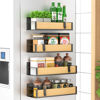 Picture of HuggieGems 4 Pack Magnetic Spice Storage Rack Organizer for Refrigerator and Oven, Wood Fridge Organizers and Storage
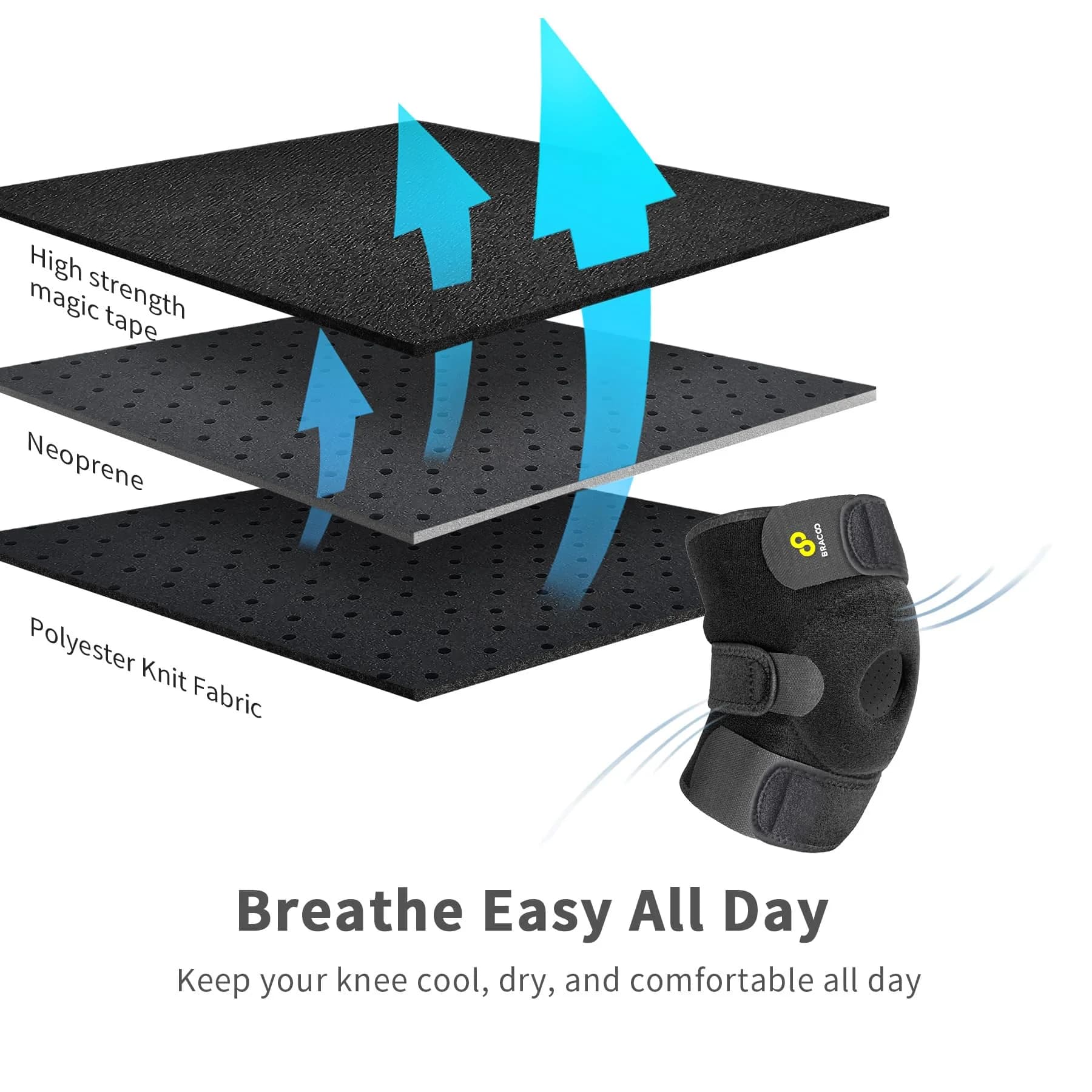 Bracoo Adjustable Knee Support Brace with Patellar Pad & Straps | 100g (3.5oz) - view 6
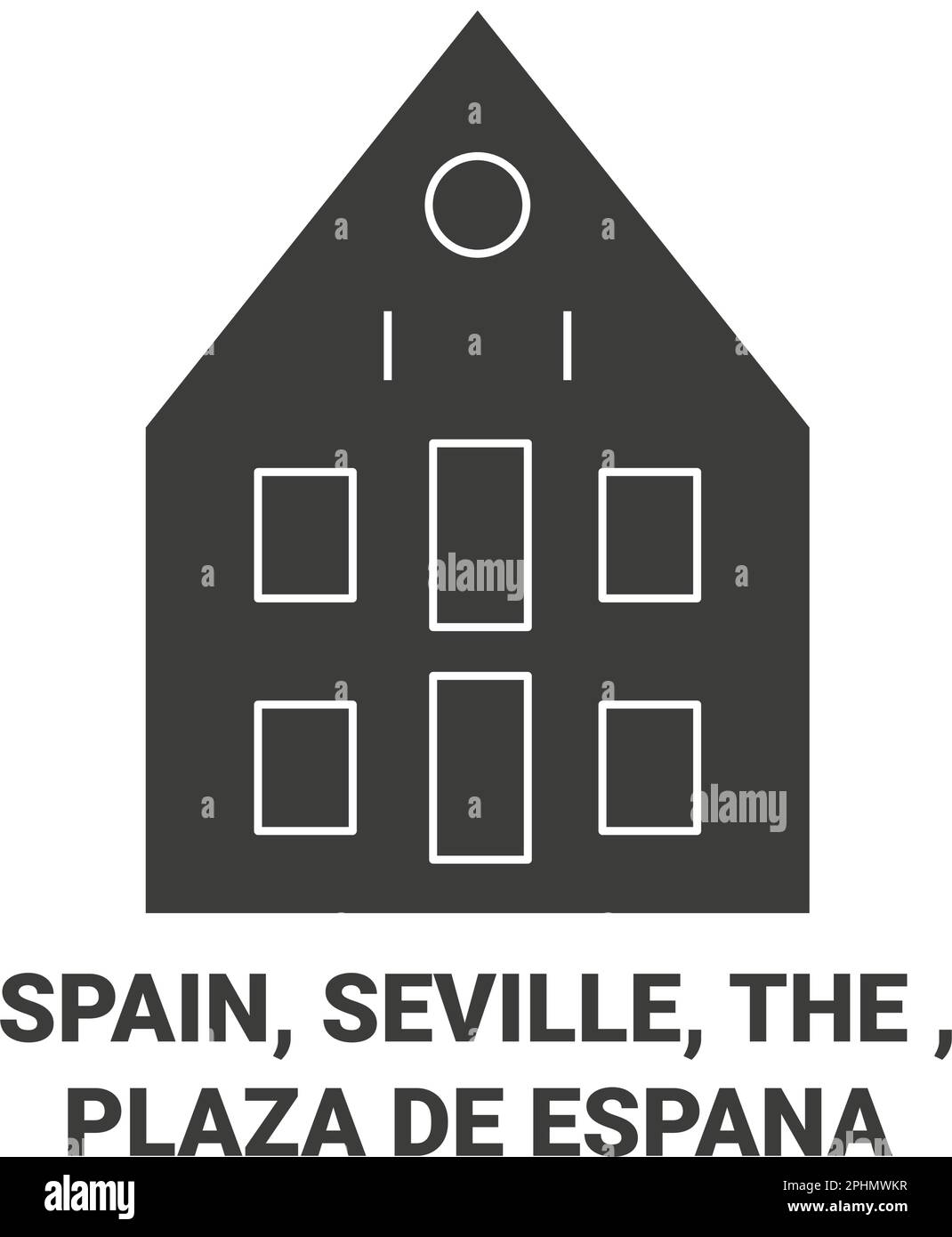 Spanien, Sevilla, Plaza De Espana, Vektordarstellung der Reiseziele Stock Vektor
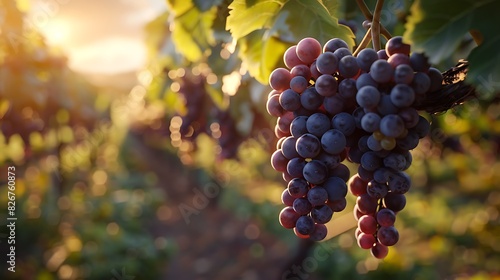 Landscape view of a vineyard with ripe grapes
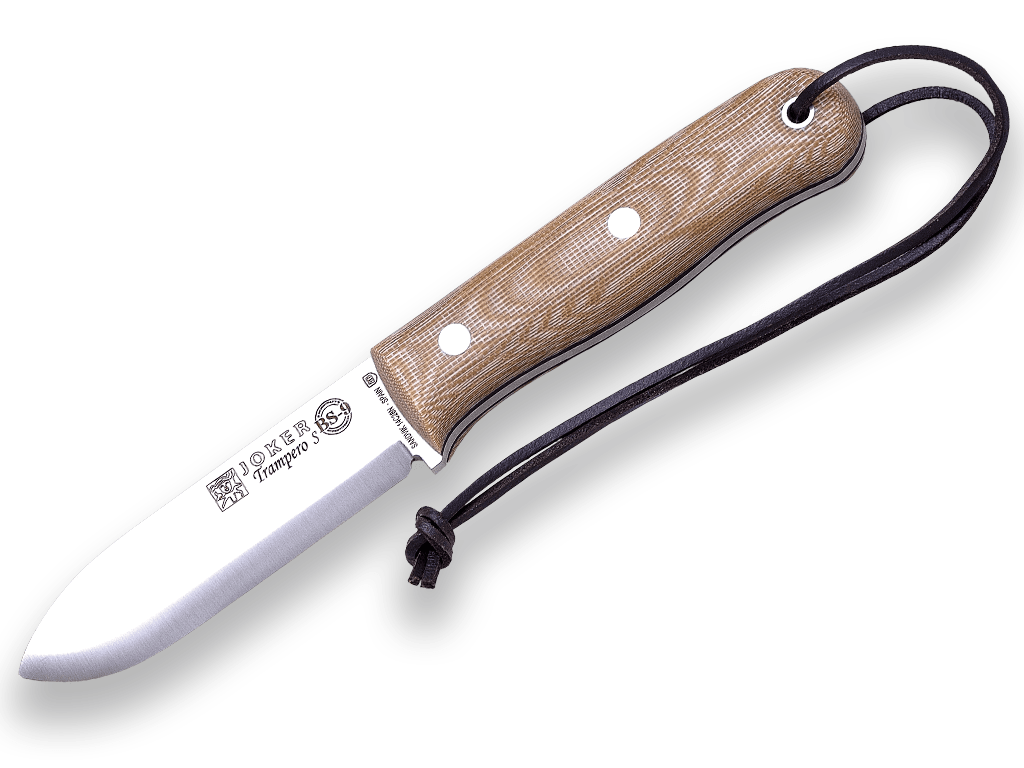 CUCHILLO BUSHCRAFT Y SUPERVIVENCIA JOKER TRAMPERO SCANDI EN MICARTA BEIGE.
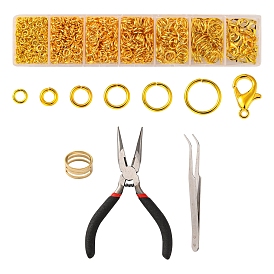 DIY Jewelry Making Finding Kit, Including Brass Jump Rings, Zinc Alloy Lobster Claw Clasps, Tweezers, Brass Rings, Pliers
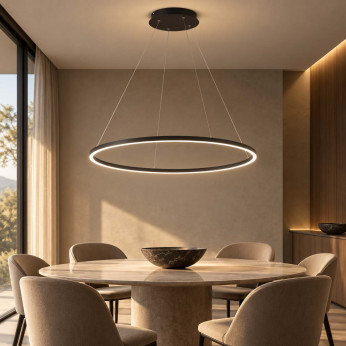 Fabas Luce Lampadario LED con illuminazione a singolo diffusore circolare moderno Giotto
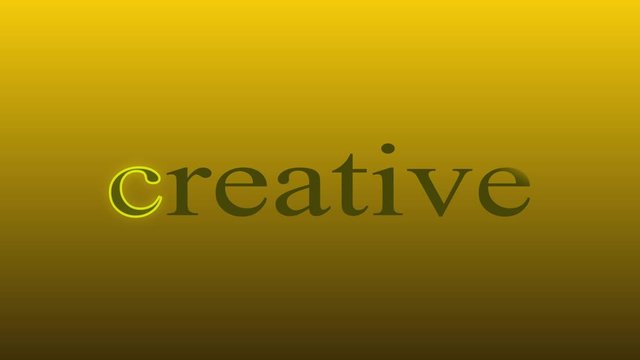 against the golden background, the word "creative" is animated, the word shines, the capital letter is surrounded by a luminous stroke. Full HD, no sound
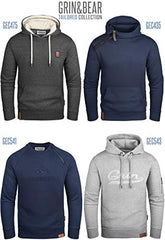 Grin&Bear Herren Kapuzenpullover Kapuzenjacke Hoodie mit hoch abschließendem Kragen GEC494 (S, Anthrazit)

————

# Task brief
Using the data above, print only the lines starting at the one with "Spanien, Sevilla, Plaza" and ending at the one with "Fabas Luce Lampadario", exactly as they stand, minus the pictures.

# Answer below
 Spanien, Sevilla, Plaza De Espana, Vektordarstellung der Reiseziele Stock Vektor
 Landscape view of a vineyard with ripe grapes
 CUCHILLO BUSHCRAFT Y SUPERVIVENCIA JOKER TRAMPERO SCANDI EN MICARTA BEIGE.
 DIY Jewelry Making Finding Kit, Including Brass Jump Rings, Zinc Alloy Lobster Claw Clasps, Tweezers, Brass Rings, Pliers
 Fabas Luce Lampadario LED con illuminazione a singolo diffusore circolare moderno Giotto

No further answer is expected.